◆ About this task
Leaving the images aside, print every record in the material exactly.

- Opening Delimiter -

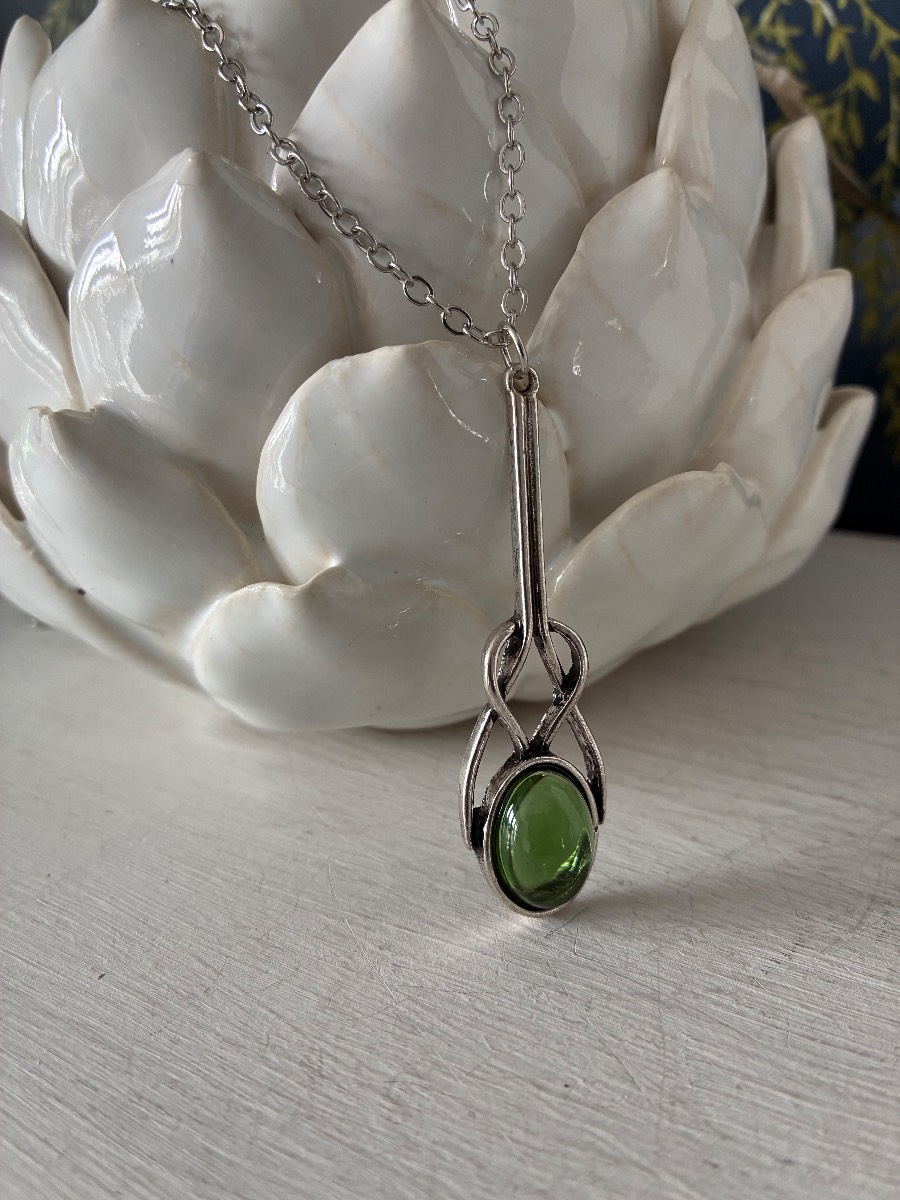 Art deco style long green glass pendant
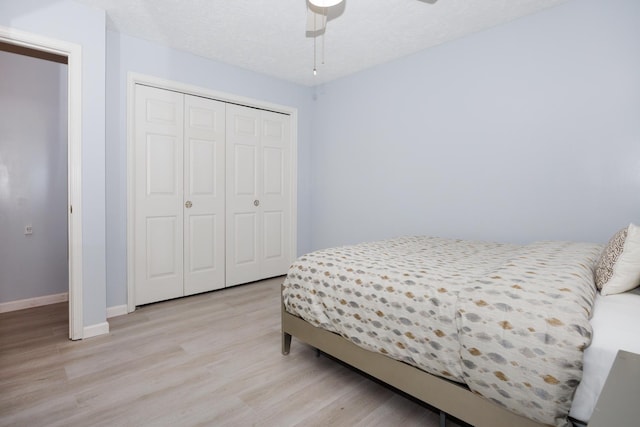 203 S Hershey Rd, Bloomington, IL 61704 - bedroom featuring light wood-style floors, a closet, baseboards, and ceiling fan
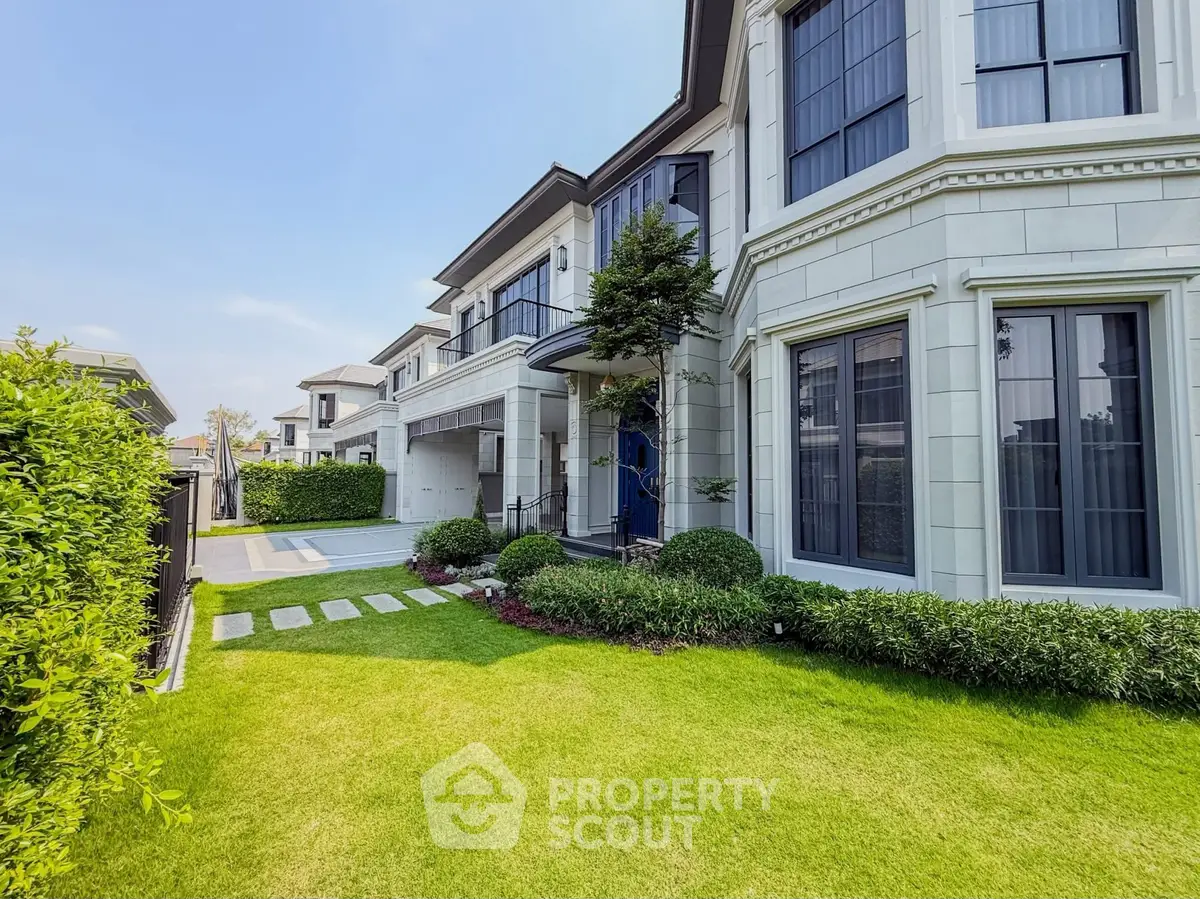 Luxurious modern home with manicured lawn and elegant facade in a serene neighborhood.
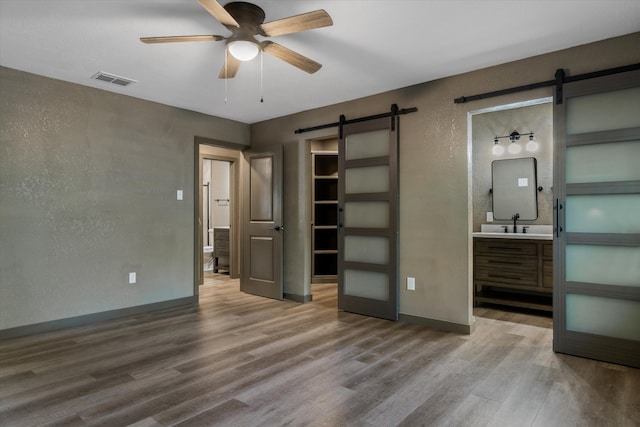 unfurnished bedroom with a barn door, ceiling fan, ensuite bathroom, hardwood / wood-style floors, and sink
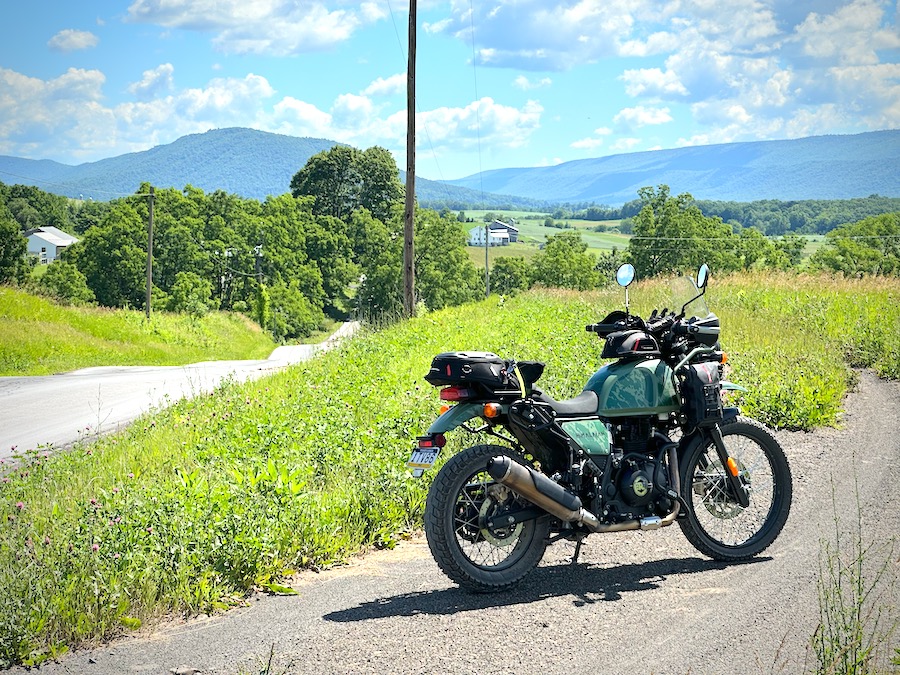 Royal Enfield Himalayan motorcycle parked along a rural road.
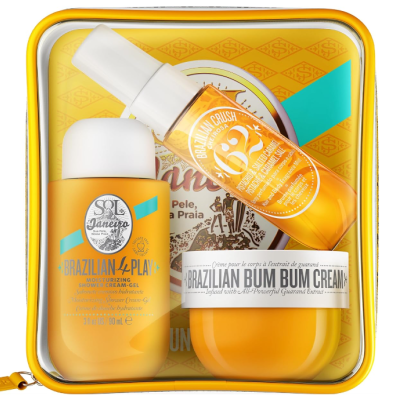 Conjunto de produtos de cuidados para a pele amarelados em embalagem transparente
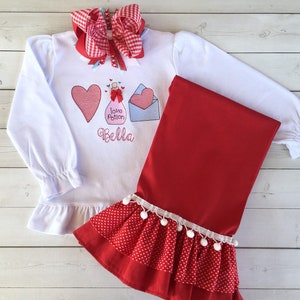May include: White long-sleeve shirt with a red heart, a bottle with the text "Love Potion", and a blue envelope with a red heart. The shirt has a white ruffle at the bottom and the text "Bella" is embroidered below the design. The shirt is paired with red leggings with white polka dots and a white ruffle with white pom-poms at the bottom.
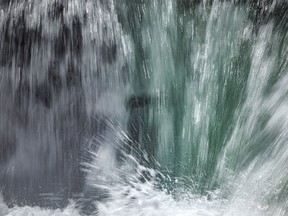 Ice behind the crashing water shows up green in Sheep River Falls in Sheep River in Sheep River Provincial Park west of Diamond Valley, Ab., on Tuesday, May 28, 2024.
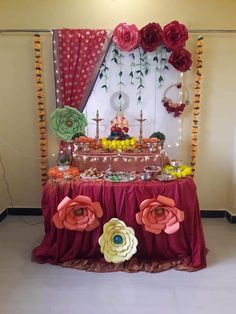 a table with flowers and candles on it in front of a wall hanging from the ceiling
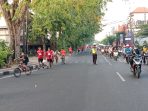 Amankan Fun Run 10K, Polsek Denpasar Barat Jaga Rute Yang Dilalui Peserta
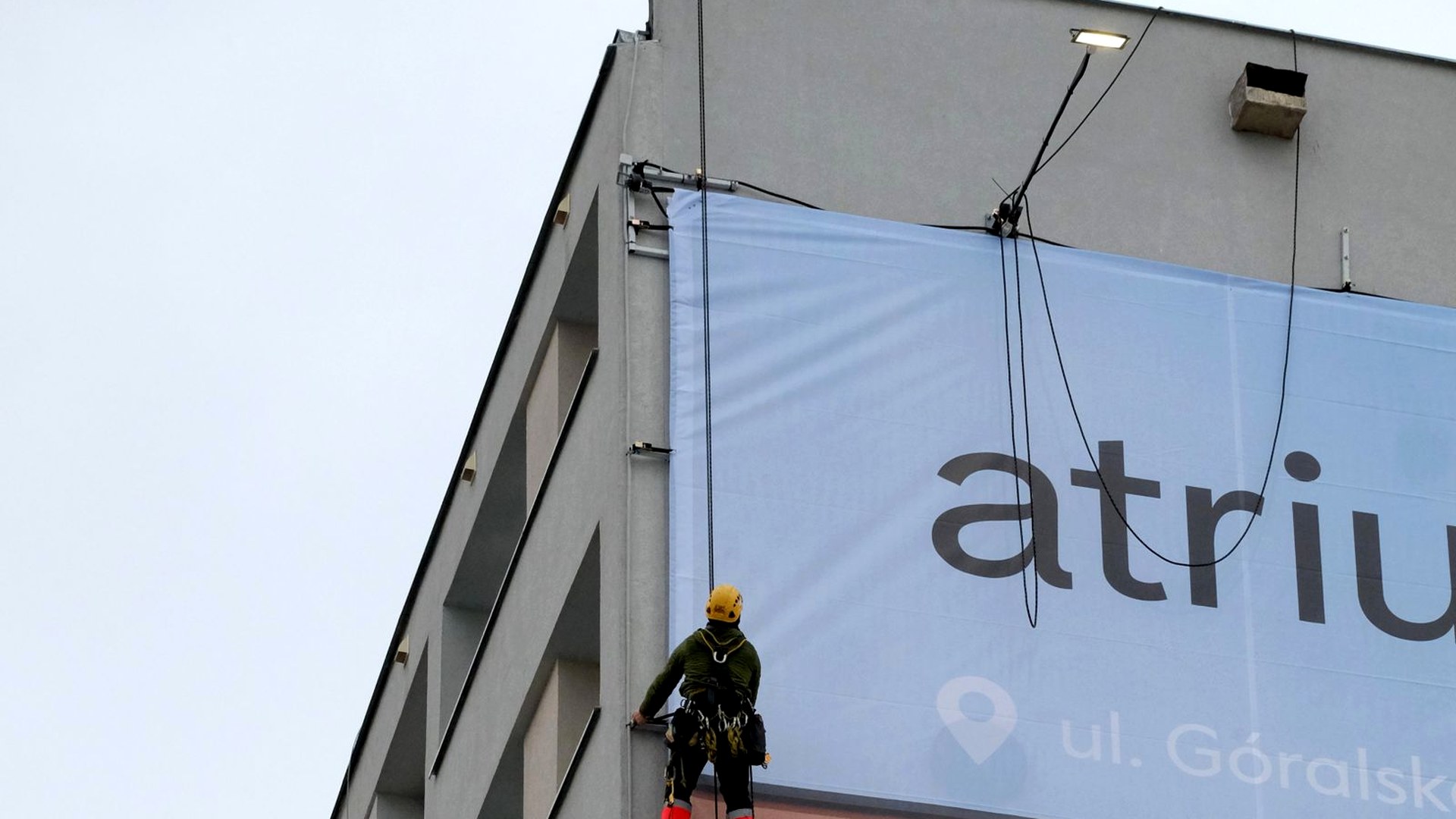 Sign installer securing a large commercial building graphic
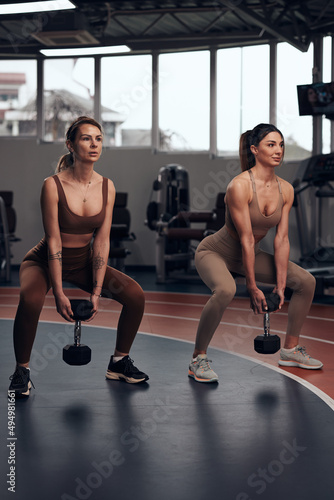 Pretty women working out in a gym. Adult ladies with beautiful shaped bodies.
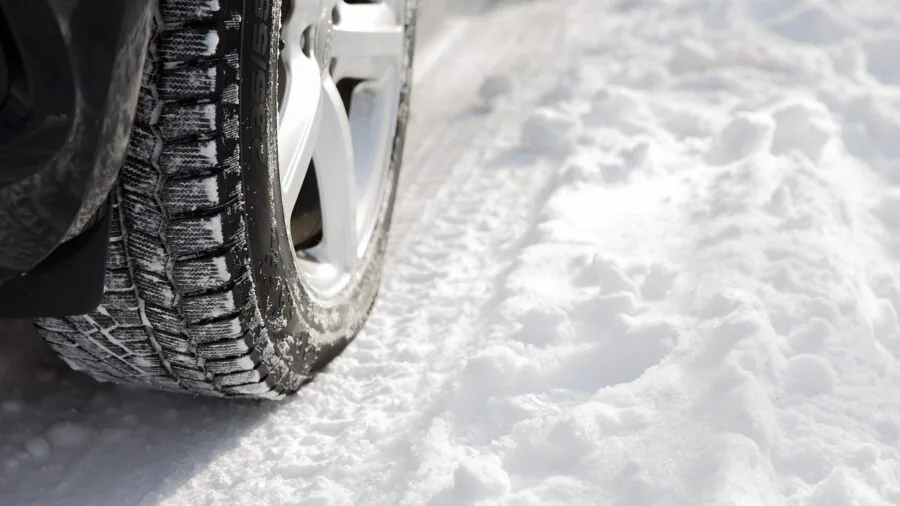 Person installing winter tires on vehicle in snowy conditions for seasonal vehicle preparation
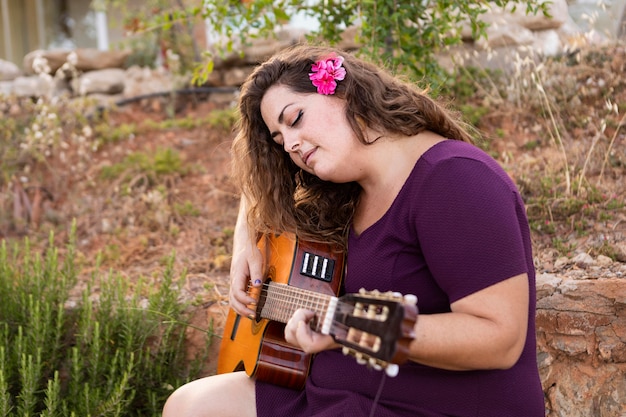 Woman Playing Guitar with Flower in Hair – Free Stock Photo, Download Free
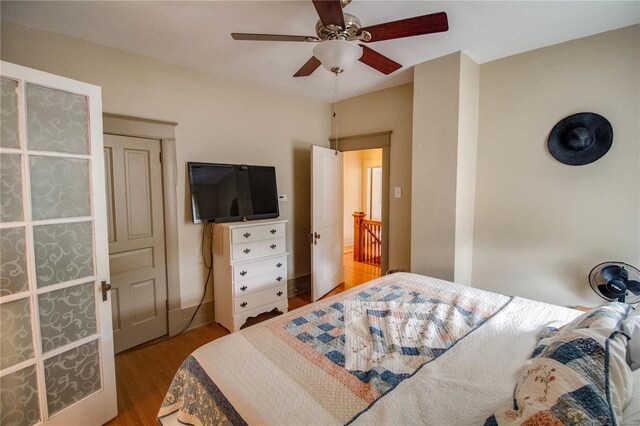 bedroom featuring wood-type flooring and ceiling fan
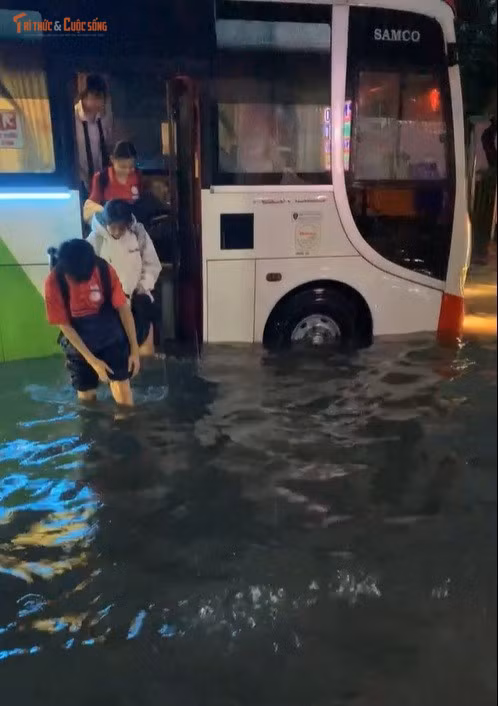 Học sinh phải lội trên đường ngập sau khi xuống từ xe ô tô đưa rước.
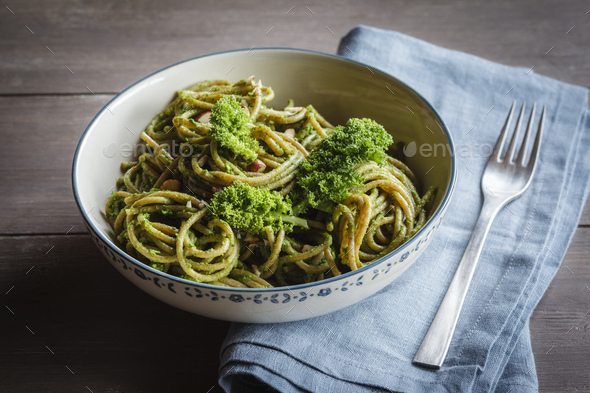 Bowl of whole-grain spelt pasta with kale and hazelnut pesto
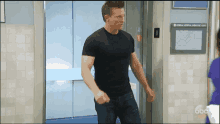 a man in a black shirt stands in front of an elevator that says general hospital emergency exits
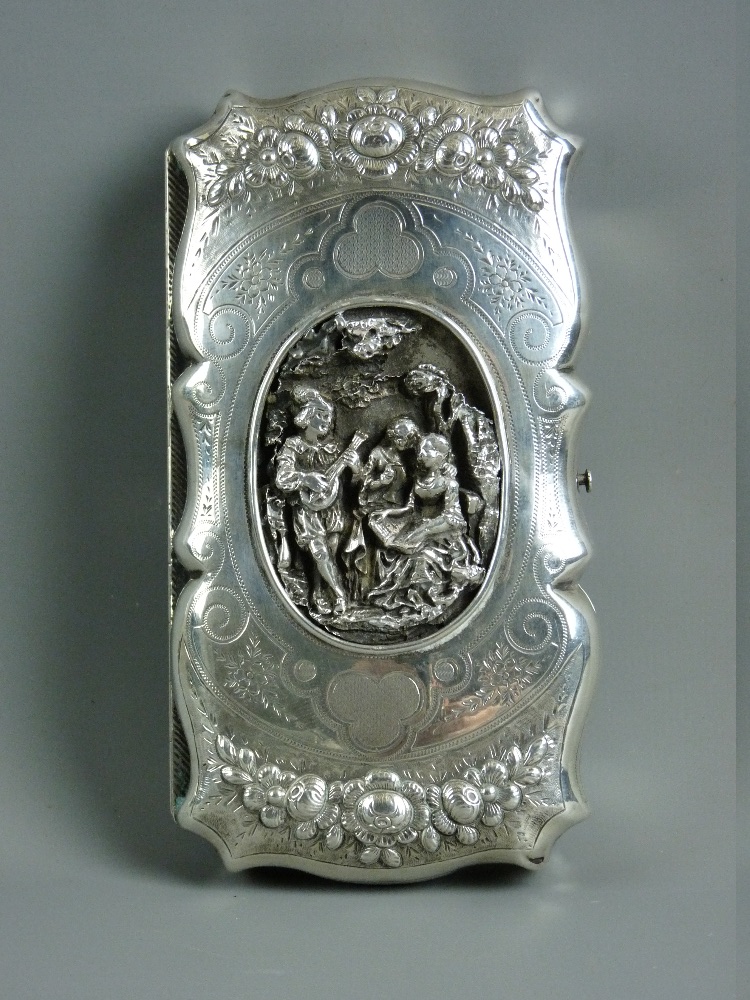 A CONTINENTAL WHITE METAL CIGAR CASE, circa 1900, the shaped edge rectangular case with bright cut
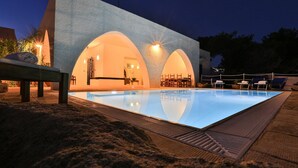 Una piscina con una zona de estar hundida, rodeada por una terraza techada con sillones.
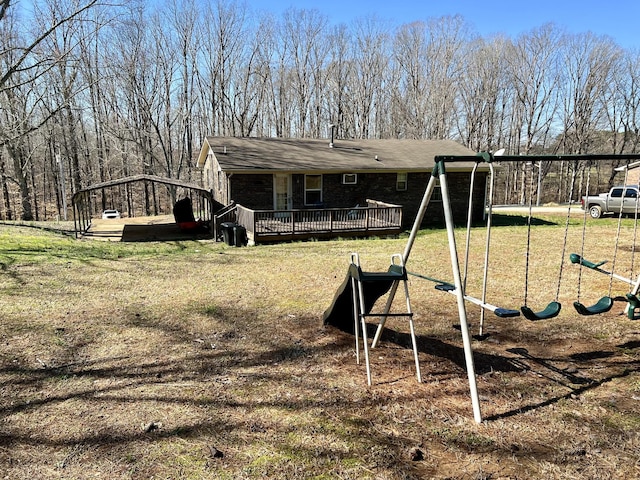 back of property with a playground, a deck, and a lawn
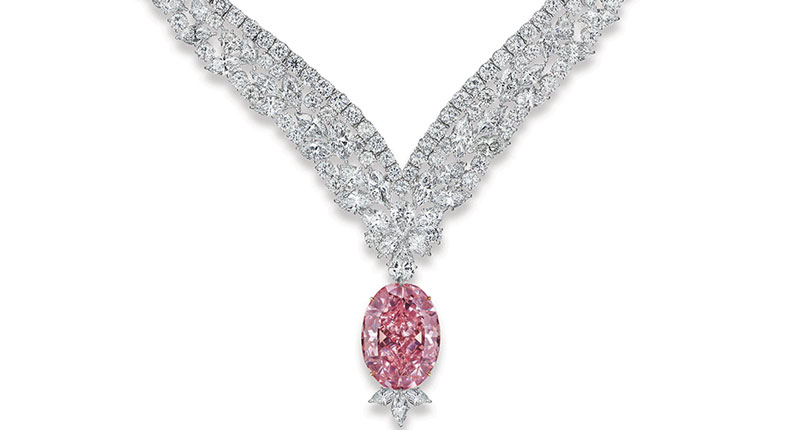 The 30.03-carat Juliet Pink Diamond is a fancy intense, VVS2 stone that’s been cut into an oval shape. It is a set into a necklace with 98.70 carats of marquise, pear and round-cut white diamonds that are E to F in color and VVS clarity. The 30.03-carat Juliet Pink Diamond is a fancy intense, VVS2 stone that’s been cut into an oval shape. It is a set into a necklace with 98.70 carats of marquise, pear and round-cut white diamonds that are E to F in color and VVS clarity.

- Closing Delimiter -

◆ Answer section
 Art deco style long green glass pendant
 203 S Hershey Rd, Bloomington, IL 61704 - bedroom featuring light wood-style floors, a closet, baseboards, and ceiling fan
 Luxurious modern home with manicured lawn and elegant facade in a serene neighborhood.
 unfurnished bedroom with a barn door, ceiling fan, ensuite bathroom, hardwood / wood-style floors, and sink
 Royal Enfield Himalayan motorcycle parked along a rural road.
 Conjunto de produtos de cuidados para a pele amarelados em embalagem transparente
May include: White long-sleeve shirt with a red heart, a bottle with the text "Love Potion", and a blue envelope with a red heart. The shirt has a white ruffle at the bottom and the text "Bella" is embroidered below the design. The shirt is paired with red leggings with white polka dots and a white ruffle with white pom-poms at the bottom.
 Ice behind the crashing water shows up green in Sheep River Falls in Sheep River in Sheep River Provincial Park west of Diamond Valley, Ab., on Tuesday, May 28, 2024.
 a table with flowers and candles on it in front of a wall hanging from the ceiling
 Amankan Fun Run 10K, Polsek Denpasar Barat Jaga Rute Yang Dilalui Peserta
 Sign installer securing a large commercial building graphic
 Pretty women working out in a gym. Adult ladies with beautiful shaped bodies.
 Person installing winter tires on vehicle in snowy conditions for seasonal vehicle preparation
 Woman Playing Guitar with Flower in Hair – Free Stock Photo, Download Free
 bedroom featuring wood-type flooring and ceiling fan
 Học sinh phải lội trên đường ngập sau khi xuống từ xe ô tô đưa rước.
 Bowl of whole-grain spelt pasta with kale and hazelnut pesto
 a man in a black shirt stands in front of an elevator that says general hospital emergency exits
 A CONTINENTAL WHITE METAL CIGAR CASE, circa 1900, the shaped edge rectangular case with bright cut
 Una piscina con una zona de estar hundida, rodeada por una terraza techada con sillones.
 back of property with a playground, a deck, and a lawn
 The 30.03-carat Juliet Pink Diamond is a fancy intense, VVS2 stone that’s been cut into an oval shape. It is a set into a necklace with 98.70 carats of marquise, pear and round-cut white diamonds that are E to F in color and VVS clarity. The 30.03-carat Juliet Pink Diamond is a fancy intense, VVS2 stone that’s been cut into an oval shape. It is a set into a necklace with 98.70 carats of marquise, pear and round-cut white diamonds that are E to F in color and VVS clarity.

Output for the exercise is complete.